── DATA FOR REVIEW

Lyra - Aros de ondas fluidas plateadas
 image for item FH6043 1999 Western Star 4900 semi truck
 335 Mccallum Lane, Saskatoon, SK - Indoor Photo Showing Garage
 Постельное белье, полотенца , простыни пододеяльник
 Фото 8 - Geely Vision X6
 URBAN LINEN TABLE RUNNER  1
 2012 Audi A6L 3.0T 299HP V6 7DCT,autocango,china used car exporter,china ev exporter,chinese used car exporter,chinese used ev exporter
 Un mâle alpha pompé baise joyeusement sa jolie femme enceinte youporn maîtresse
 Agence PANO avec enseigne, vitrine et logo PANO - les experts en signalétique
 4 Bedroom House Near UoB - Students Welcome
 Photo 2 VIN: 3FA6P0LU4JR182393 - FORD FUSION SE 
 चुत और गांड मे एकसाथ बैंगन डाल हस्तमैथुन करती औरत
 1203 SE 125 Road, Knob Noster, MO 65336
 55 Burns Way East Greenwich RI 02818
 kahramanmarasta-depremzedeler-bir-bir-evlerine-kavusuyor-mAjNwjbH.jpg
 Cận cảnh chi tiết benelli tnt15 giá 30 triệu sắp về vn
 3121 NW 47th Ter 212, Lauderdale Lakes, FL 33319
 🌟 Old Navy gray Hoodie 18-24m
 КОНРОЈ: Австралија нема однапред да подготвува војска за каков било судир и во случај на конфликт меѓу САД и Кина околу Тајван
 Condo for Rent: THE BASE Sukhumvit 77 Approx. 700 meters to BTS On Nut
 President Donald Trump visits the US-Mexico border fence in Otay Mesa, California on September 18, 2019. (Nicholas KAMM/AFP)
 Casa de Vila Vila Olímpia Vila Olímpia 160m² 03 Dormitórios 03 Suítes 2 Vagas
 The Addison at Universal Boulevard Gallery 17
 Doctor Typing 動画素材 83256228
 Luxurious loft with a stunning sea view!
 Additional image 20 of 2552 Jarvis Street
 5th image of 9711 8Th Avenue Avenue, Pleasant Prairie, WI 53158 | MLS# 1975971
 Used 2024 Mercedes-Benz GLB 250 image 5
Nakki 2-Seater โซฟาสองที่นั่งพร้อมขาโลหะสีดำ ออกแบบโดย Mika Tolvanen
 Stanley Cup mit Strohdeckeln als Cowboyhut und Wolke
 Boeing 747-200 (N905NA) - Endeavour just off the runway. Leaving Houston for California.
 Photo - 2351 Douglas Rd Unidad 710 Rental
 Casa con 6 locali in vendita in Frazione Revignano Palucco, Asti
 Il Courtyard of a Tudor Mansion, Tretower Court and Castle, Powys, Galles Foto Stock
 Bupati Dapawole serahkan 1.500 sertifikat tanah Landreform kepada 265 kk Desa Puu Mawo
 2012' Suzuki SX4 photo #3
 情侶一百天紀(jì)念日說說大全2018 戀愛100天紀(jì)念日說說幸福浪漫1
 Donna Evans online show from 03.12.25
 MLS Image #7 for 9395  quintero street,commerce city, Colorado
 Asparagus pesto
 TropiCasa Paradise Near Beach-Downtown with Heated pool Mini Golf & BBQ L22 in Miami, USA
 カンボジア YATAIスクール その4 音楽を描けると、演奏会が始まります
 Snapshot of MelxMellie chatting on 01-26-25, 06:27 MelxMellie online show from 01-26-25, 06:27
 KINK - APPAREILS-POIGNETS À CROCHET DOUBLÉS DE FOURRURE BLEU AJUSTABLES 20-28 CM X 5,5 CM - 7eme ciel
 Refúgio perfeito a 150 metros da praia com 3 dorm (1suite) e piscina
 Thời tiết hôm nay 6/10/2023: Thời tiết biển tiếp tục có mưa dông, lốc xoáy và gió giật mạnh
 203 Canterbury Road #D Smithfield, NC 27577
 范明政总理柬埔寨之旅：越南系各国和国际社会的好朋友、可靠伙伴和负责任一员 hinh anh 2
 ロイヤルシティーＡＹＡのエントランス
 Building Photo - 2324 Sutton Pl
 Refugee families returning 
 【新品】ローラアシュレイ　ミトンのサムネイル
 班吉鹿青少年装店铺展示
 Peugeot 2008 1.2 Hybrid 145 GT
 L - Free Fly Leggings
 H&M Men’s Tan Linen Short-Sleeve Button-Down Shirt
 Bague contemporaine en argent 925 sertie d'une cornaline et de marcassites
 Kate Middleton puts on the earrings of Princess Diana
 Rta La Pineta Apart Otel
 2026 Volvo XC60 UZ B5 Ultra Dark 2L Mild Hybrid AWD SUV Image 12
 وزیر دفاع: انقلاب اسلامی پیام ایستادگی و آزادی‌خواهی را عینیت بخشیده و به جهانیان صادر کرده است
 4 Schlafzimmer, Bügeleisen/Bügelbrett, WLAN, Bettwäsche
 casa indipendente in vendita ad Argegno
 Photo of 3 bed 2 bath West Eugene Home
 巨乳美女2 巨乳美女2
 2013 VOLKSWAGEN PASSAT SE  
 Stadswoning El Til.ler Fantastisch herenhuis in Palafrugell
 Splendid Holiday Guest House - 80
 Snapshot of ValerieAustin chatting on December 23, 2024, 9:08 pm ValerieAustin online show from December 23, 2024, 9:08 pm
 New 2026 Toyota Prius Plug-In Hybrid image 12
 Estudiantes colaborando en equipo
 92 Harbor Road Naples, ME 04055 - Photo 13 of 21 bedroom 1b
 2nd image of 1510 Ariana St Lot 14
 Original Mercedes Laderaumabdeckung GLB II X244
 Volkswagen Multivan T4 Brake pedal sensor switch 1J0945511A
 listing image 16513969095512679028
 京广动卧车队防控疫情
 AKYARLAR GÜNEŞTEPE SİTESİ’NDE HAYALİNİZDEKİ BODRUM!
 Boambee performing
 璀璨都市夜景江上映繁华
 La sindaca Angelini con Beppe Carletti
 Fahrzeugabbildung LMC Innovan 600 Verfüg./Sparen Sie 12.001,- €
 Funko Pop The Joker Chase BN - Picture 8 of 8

────

◆ **AIM OF THE TASK**:
Determine how many lines of this listing contain "chatting", and give only the number.

◆ **WRITTEN ANSWER**:
2